Marinaro Gallery is pleased to present Ridley Howard’s first solo exhibition at the gallery.
Howard’s recent paintings depict imagined people and events in (mostly) fictional places. They are portrayed with the subtlety and specific knowledge of a memory, but carry the familiarity of common or borrowed imagery. With a hint of the surreal, the paintings hinge on Howard’s sense of color, light, tone, design and touch. Characters and location hold key roles, playing with notions of time, drift, and travel.
The locations of the figures in Howard’s work are mysterious. There are flattened and finely tuned areas of color, a distillation that pushes reality into a dream or movie poster. Rendered areas of landscape or interiors anchor his protagonists, interspersed with movements towards collage and emptied spaces. These Bauhaus-inspired, abstracted spaces create areas of dislocated experience in the paintings.
In several paintings, Howard reintroduces the landscape to his work. The scenes are reminiscent of incidental tourist photos, the kind you take and then don’t show your friends. Floating in each one is a face of a woman, kissing couples or a pair of high-heeled feet. The landscapes, empty, are the spaces of memory. In another painting, two women stand in front of a mural at a local Italian restaurant. Their romantic dinner, having occurred in one place, is transported to the Italian coast. Above their heads is either the name of the restaurant or a welcome sign: “Benvenuti/e” and the Italian flag, disrupting the mirage of their trip.

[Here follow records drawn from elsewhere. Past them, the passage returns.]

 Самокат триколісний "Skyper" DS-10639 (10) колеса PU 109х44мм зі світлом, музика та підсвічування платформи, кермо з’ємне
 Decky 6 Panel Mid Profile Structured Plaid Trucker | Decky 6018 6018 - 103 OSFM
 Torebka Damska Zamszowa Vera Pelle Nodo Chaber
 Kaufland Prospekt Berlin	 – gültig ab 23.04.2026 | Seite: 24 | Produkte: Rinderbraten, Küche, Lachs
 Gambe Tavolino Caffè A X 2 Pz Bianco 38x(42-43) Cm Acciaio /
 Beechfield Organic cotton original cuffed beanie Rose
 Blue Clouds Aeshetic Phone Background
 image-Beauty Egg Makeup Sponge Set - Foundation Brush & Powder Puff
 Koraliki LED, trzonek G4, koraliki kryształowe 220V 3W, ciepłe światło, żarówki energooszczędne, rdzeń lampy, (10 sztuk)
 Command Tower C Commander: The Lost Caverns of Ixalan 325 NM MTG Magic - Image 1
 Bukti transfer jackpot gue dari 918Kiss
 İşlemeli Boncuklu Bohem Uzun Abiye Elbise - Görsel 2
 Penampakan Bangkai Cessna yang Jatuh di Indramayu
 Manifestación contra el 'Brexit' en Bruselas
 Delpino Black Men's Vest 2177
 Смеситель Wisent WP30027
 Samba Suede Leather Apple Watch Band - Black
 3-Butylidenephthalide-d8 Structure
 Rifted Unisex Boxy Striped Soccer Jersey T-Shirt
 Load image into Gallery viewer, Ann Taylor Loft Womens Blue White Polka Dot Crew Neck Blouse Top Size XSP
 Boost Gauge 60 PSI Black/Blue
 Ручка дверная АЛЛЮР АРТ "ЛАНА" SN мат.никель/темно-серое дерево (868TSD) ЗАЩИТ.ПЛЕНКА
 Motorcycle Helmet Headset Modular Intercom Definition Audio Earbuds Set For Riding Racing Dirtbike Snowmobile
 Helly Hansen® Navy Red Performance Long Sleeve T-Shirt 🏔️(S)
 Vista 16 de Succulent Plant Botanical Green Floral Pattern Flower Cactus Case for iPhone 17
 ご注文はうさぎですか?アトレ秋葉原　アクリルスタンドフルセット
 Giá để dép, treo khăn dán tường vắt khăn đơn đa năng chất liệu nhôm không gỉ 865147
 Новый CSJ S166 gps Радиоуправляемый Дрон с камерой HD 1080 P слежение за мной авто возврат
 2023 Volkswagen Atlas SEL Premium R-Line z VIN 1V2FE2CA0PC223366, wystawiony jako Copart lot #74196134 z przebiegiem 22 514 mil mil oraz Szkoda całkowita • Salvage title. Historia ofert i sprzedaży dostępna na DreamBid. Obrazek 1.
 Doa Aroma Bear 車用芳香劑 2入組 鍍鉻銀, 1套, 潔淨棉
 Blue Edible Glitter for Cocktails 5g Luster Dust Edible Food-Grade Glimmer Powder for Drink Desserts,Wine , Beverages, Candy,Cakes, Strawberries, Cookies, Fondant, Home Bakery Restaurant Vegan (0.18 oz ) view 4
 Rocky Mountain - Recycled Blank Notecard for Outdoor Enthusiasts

Overall, there is an intimacy to Howard’s paintings, regardless of size. The softness of the edges and the stillness of the images are introspective. In this way, they have something in common with film. There is a feeling of time slowed down and memorialized. Howard’s works can feel wistful and romantic. Sometimes tinged with humor, they can also be distant and cool, a device that allows the paintings to be unsentimental in their relationship to love, place, memory, and time.
Ridley Howard (b. 1973, Atlanta, GA) earned his MFA from the School of the Museum of Fine Arts Boston in 1999 and his BFA in Painting from the University of Georgia in 1996. He attended the Skowhegan School of Painting and Sculpture in 2000. His work has been exhibited at numerous institutions including: the Museum of Fine Arts Boston; The Atlanta Contemporary; the Savannah College of Art and Design, Atlanta and Savannah, GA; the National Academy Museum, New York; the High Museum of Art, Atlanta, GA; and the Knoxville Museum of Art, Knoxville, TN. Howard currently lives and works between Athens, GA and Brooklyn, NY.